# TASK ITEM
Beneath this line are entries. Copy the range from the line with "A lot of the" to the line with "Volkswagen of Invergrove, creating", ends included, exactly; leave pictures out.
________________
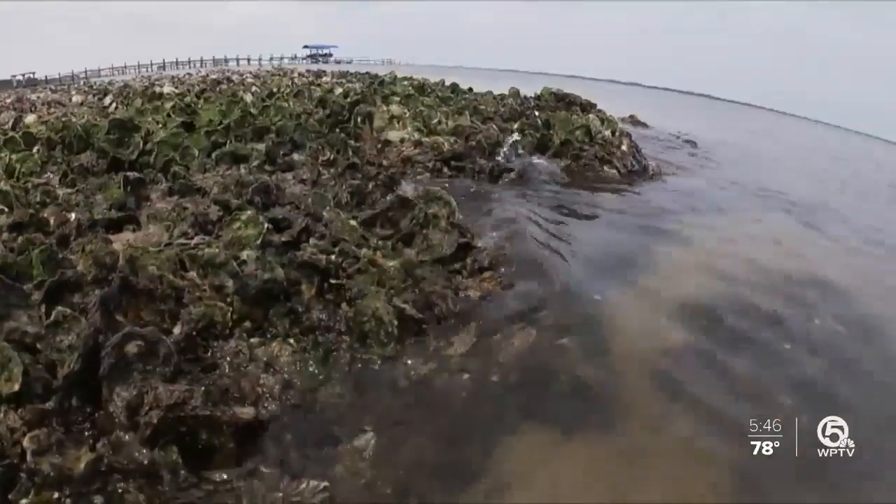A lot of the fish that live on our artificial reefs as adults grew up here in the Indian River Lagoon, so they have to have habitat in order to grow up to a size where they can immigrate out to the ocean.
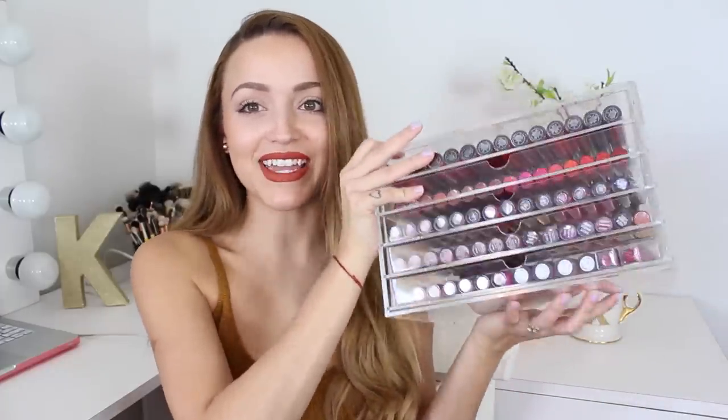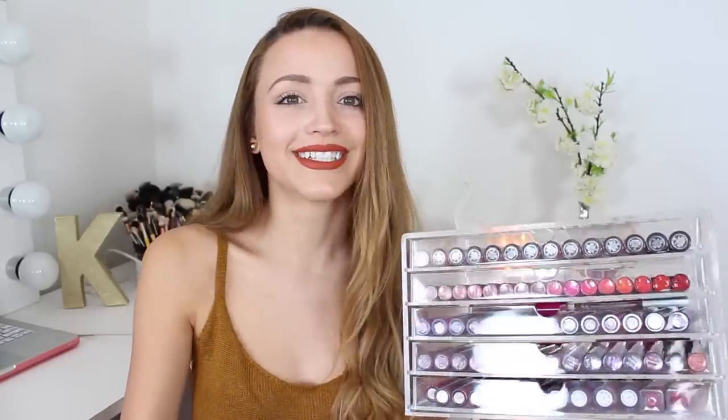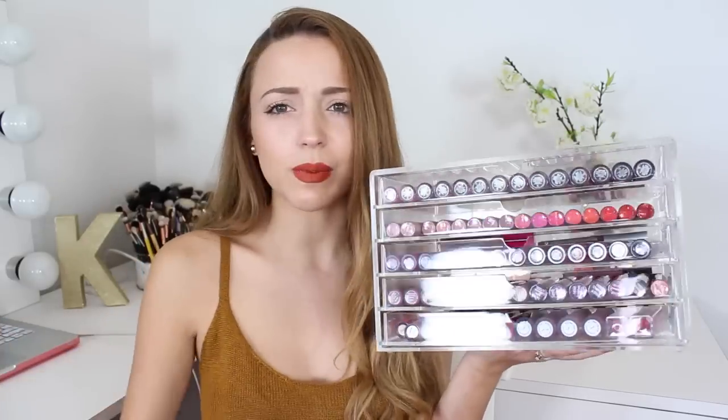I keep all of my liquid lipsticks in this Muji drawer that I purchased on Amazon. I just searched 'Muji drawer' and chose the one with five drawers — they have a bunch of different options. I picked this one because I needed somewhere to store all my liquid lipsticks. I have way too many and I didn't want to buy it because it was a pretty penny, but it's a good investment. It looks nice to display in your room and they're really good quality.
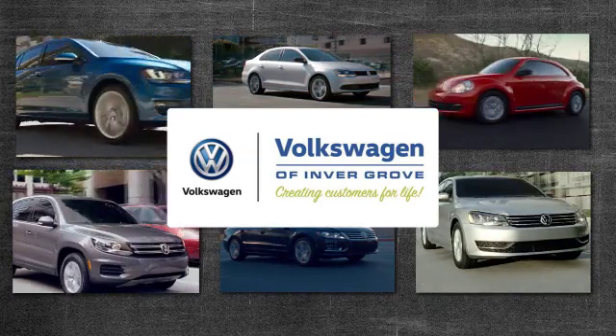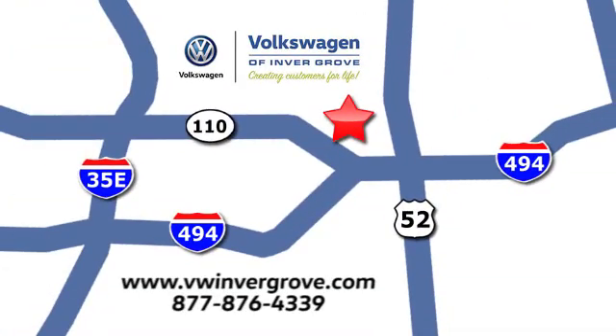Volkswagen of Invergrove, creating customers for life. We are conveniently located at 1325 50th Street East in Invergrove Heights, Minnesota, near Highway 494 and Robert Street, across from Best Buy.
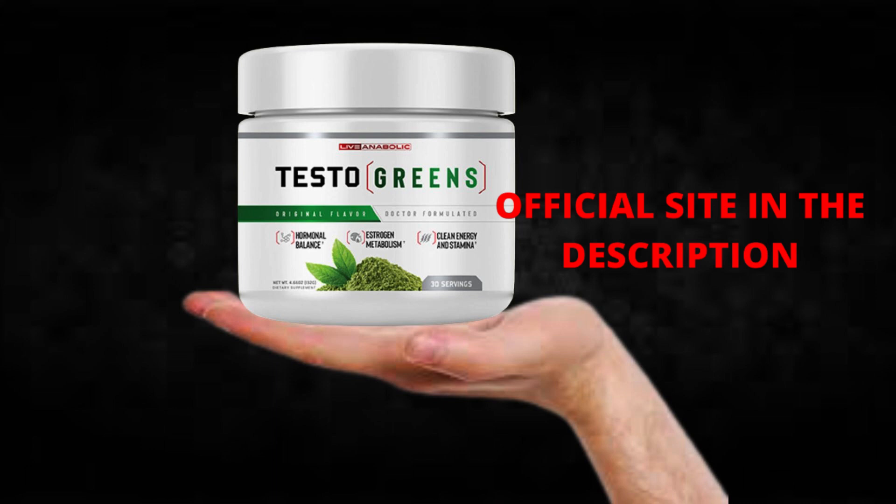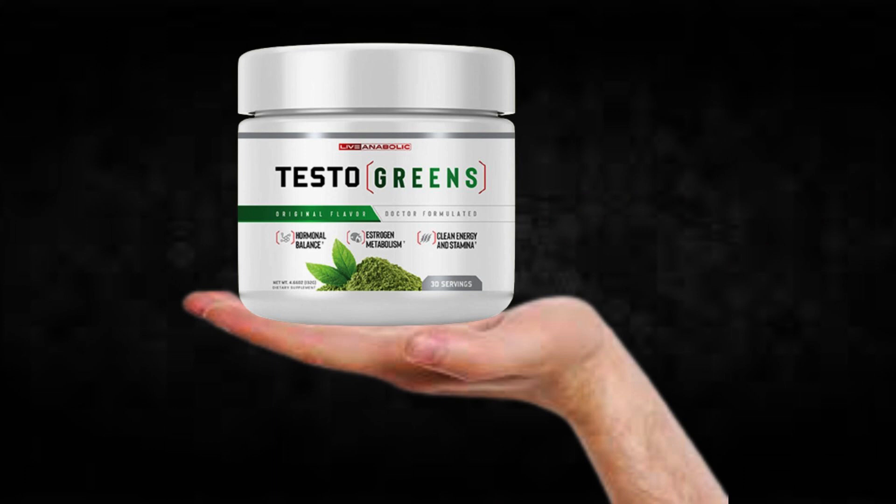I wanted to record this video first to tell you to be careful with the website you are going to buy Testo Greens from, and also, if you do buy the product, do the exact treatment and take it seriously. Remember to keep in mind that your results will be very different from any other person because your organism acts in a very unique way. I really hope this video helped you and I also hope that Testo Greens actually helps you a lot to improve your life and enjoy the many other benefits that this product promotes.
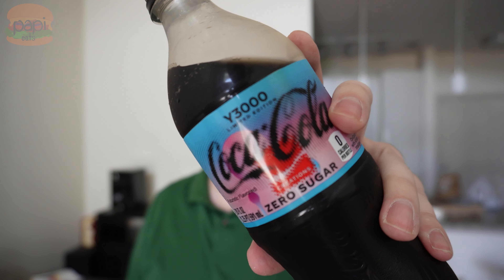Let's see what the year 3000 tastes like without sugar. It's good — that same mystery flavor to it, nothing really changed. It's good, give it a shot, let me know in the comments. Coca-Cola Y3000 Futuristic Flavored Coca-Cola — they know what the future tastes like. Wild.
________________
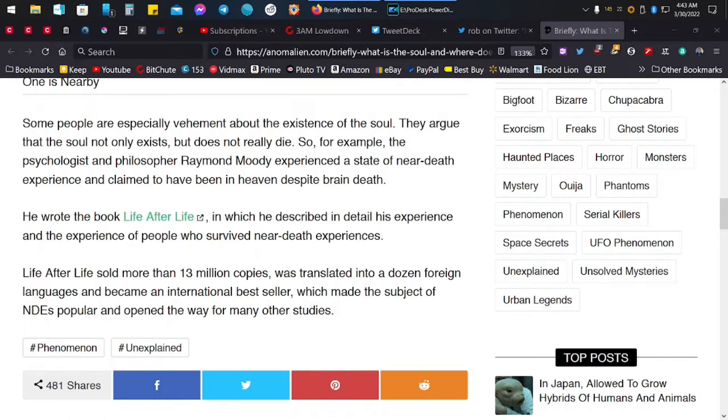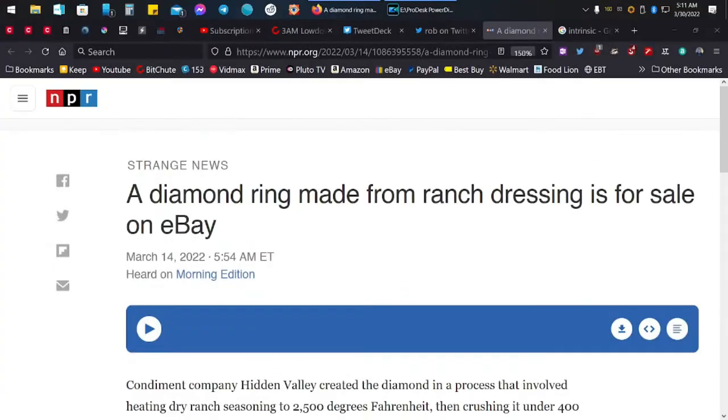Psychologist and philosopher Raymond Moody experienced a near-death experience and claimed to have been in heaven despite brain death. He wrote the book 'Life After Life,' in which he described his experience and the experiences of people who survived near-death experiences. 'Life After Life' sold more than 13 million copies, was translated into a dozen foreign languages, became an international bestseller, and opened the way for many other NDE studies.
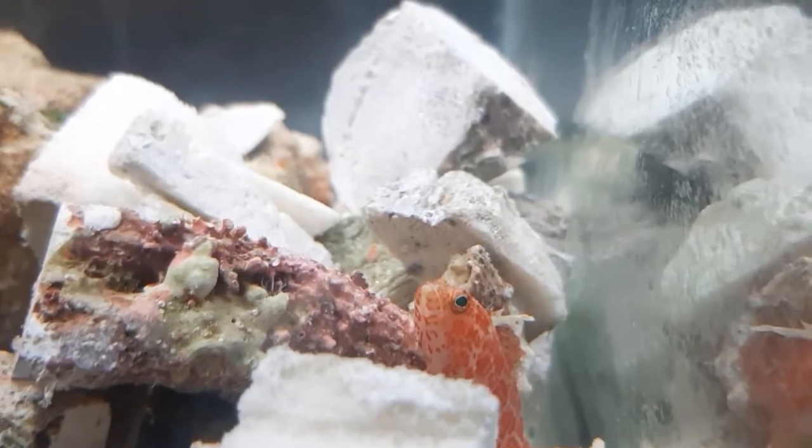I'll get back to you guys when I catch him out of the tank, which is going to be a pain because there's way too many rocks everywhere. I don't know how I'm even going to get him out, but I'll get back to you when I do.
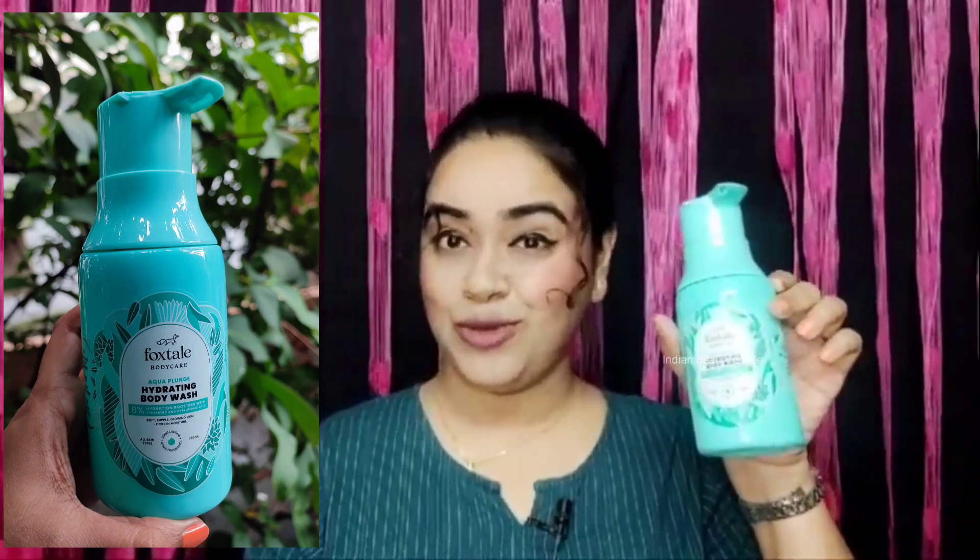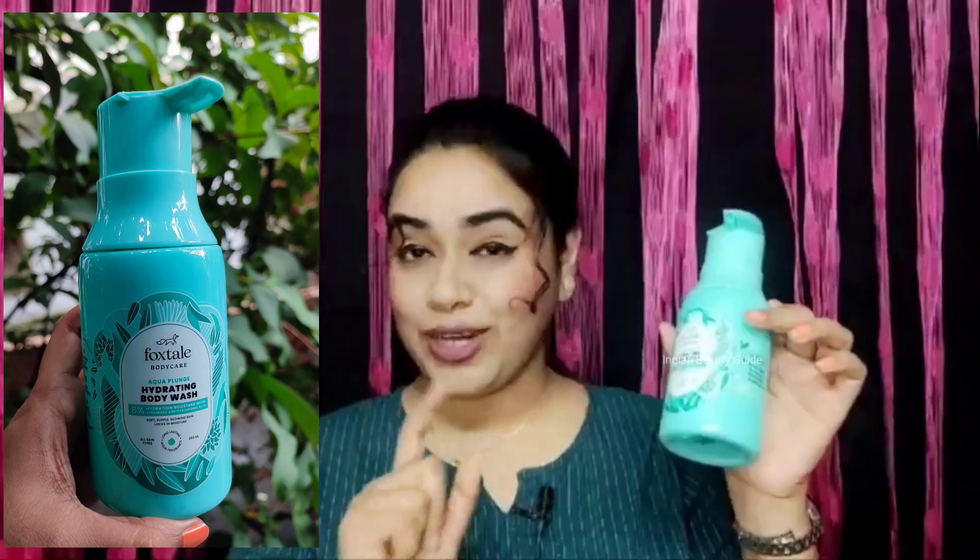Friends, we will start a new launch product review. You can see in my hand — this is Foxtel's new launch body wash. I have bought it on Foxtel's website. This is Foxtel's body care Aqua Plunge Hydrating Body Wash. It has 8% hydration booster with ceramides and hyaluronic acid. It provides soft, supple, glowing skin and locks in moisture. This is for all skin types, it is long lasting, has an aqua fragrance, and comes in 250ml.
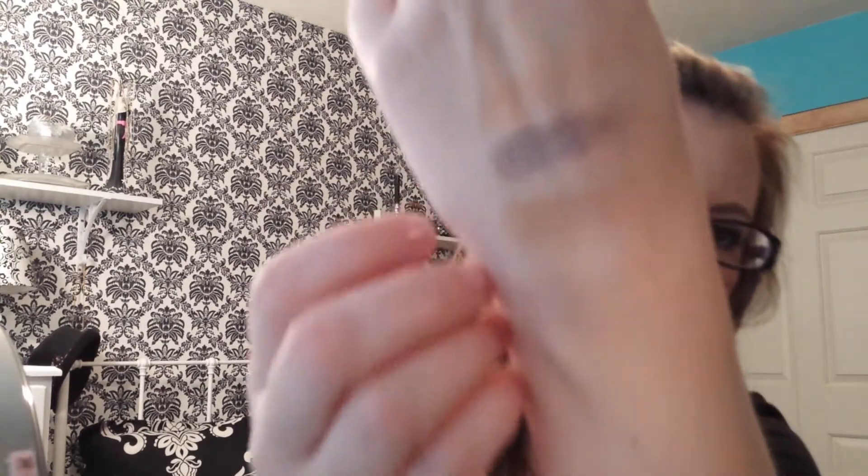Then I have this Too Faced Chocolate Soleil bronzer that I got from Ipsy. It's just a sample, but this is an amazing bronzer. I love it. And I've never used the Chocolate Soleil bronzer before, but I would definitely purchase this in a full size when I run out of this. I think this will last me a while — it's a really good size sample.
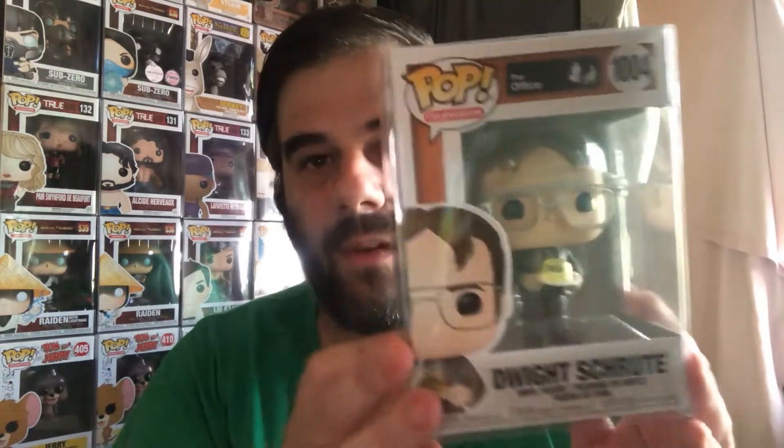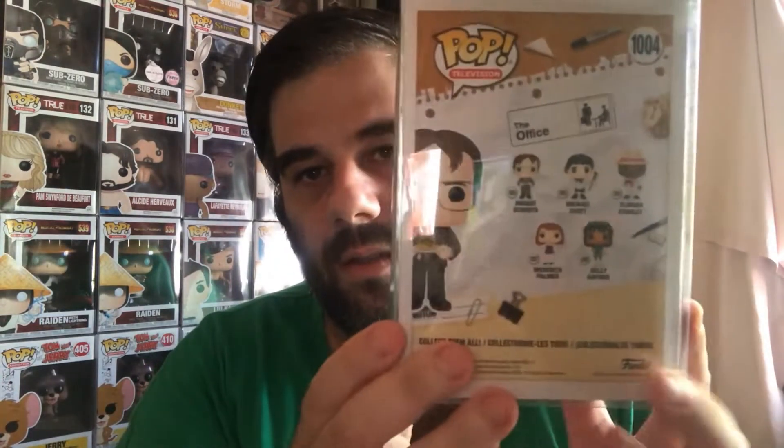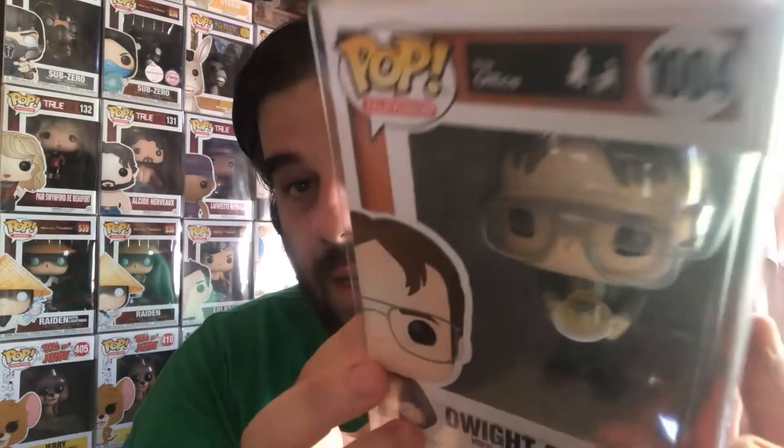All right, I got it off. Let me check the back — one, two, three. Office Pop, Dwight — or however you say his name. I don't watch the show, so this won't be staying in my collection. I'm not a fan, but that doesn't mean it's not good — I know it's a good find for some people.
________________
# TASK SOLUTION
A lot of the fish that live on our artificial reefs as adults grew up here in the Indian River Lagoon, so they have to have habitat in order to grow up to a size where they can immigrate out to the ocean.
I keep all of my liquid lipsticks in this Muji drawer that I purchased on Amazon. I just searched 'Muji drawer' and chose the one with five drawers — they have a bunch of different options. I picked this one because I needed somewhere to store all my liquid lipsticks. I have way too many and I didn't want to buy it because it was a pretty penny, but it's a good investment. It looks nice to display in your room and they're really good quality.
Volkswagen of Invergrove, creating customers for life. We are conveniently located at 1325 50th Street East in Invergrove Heights, Minnesota, near Highway 494 and Robert Street, across from Best Buy.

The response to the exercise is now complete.